**** DATA RECORDS

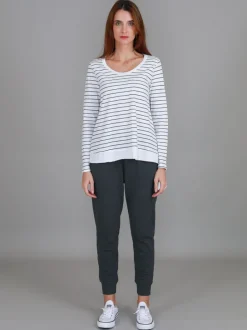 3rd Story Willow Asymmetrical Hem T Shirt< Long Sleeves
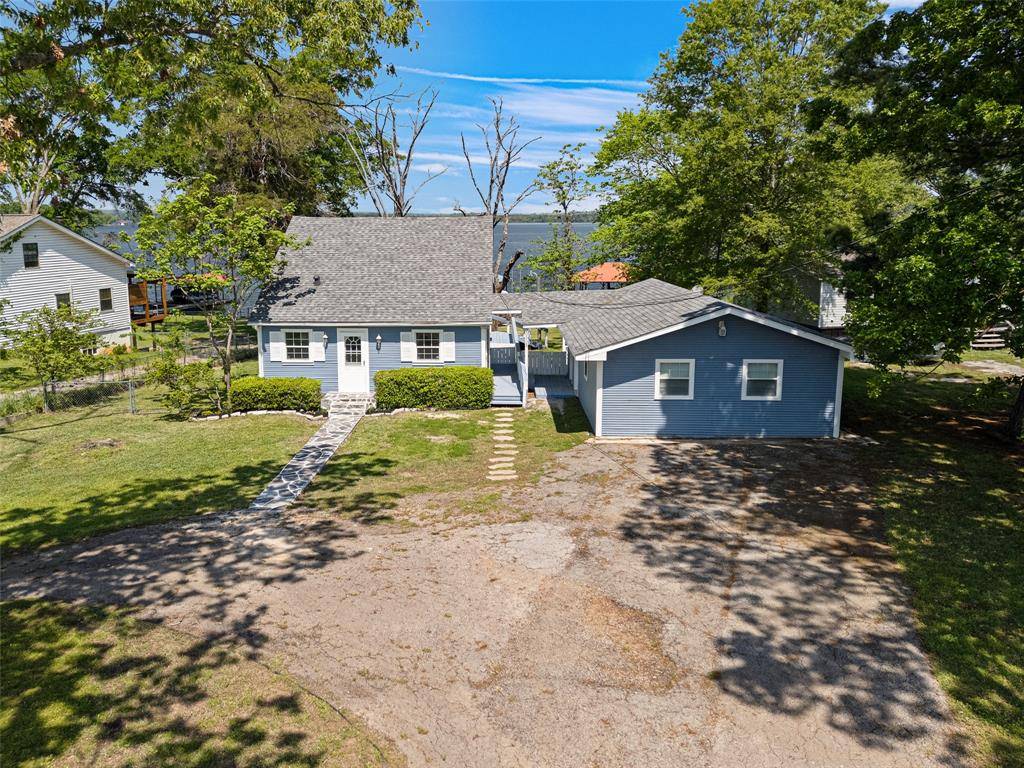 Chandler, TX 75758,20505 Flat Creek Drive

********
**** DATA RECORDS

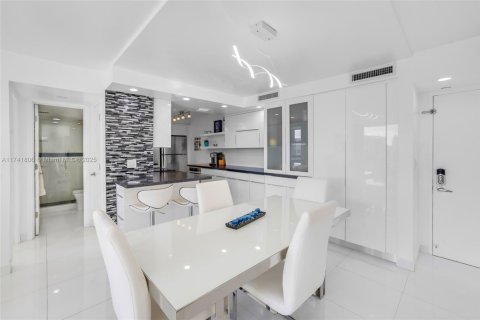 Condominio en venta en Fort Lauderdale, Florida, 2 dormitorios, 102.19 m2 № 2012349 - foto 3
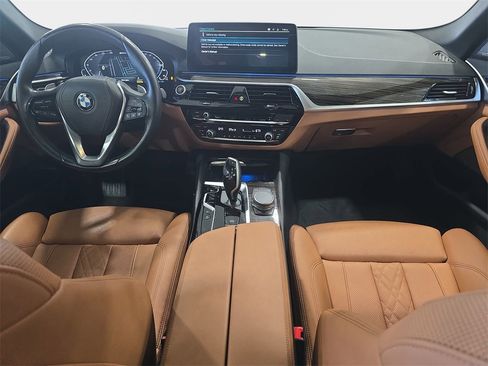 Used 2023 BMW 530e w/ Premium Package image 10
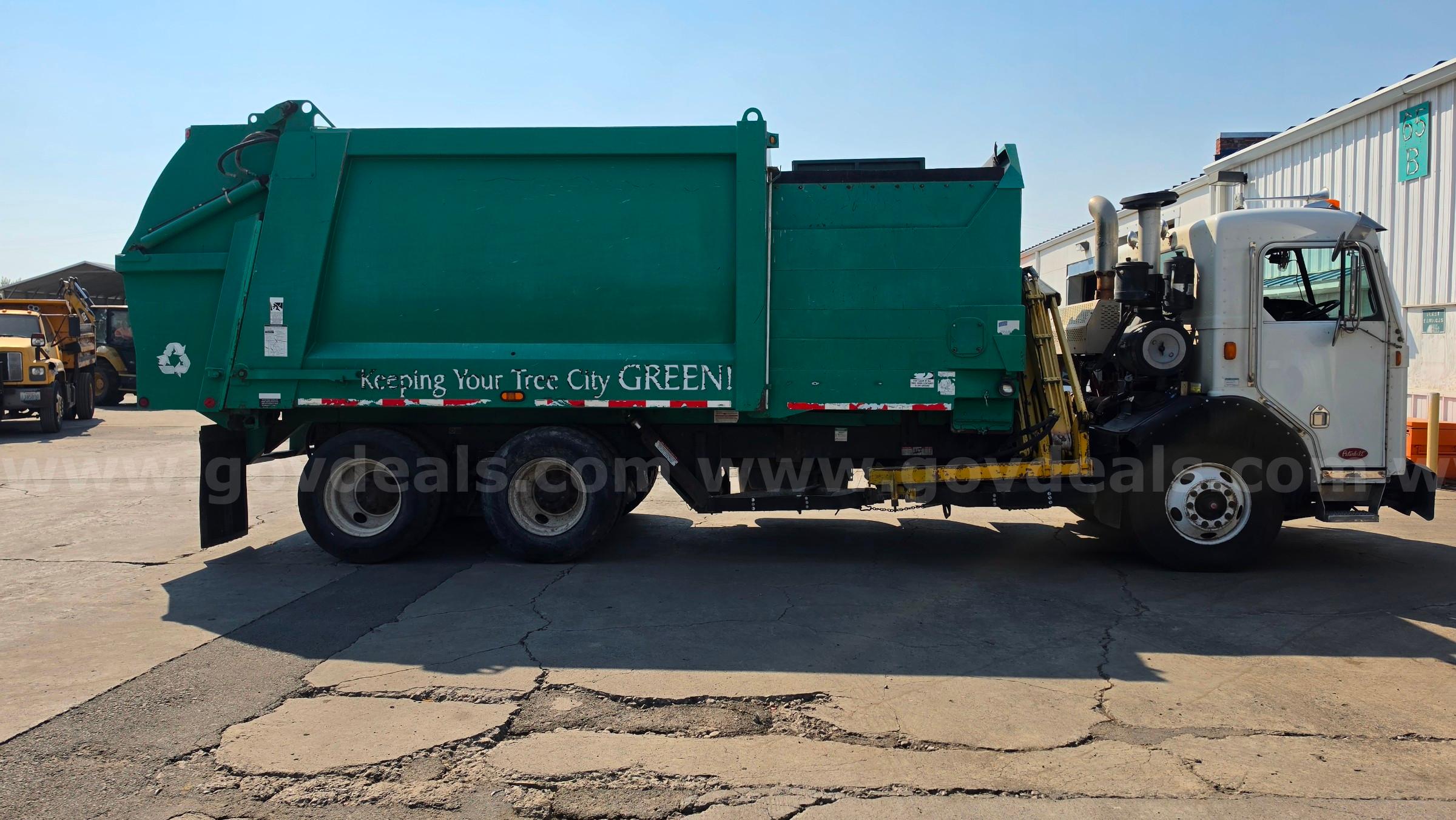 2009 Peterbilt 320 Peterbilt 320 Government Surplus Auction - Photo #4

********

# REQUIREMENT:
Return the stretch of data that begins with the line showing "3rd Story Willow" and goes on through the line showing "Chandler, TX 75758,20505 Flat Creek Drive", exactly, with pictures removed.

# EXERCISE OUTPUT:
 3rd Story Willow Asymmetrical Hem T Shirt< Long Sleeves
 Chandler, TX 75758,20505 Flat Creek Drive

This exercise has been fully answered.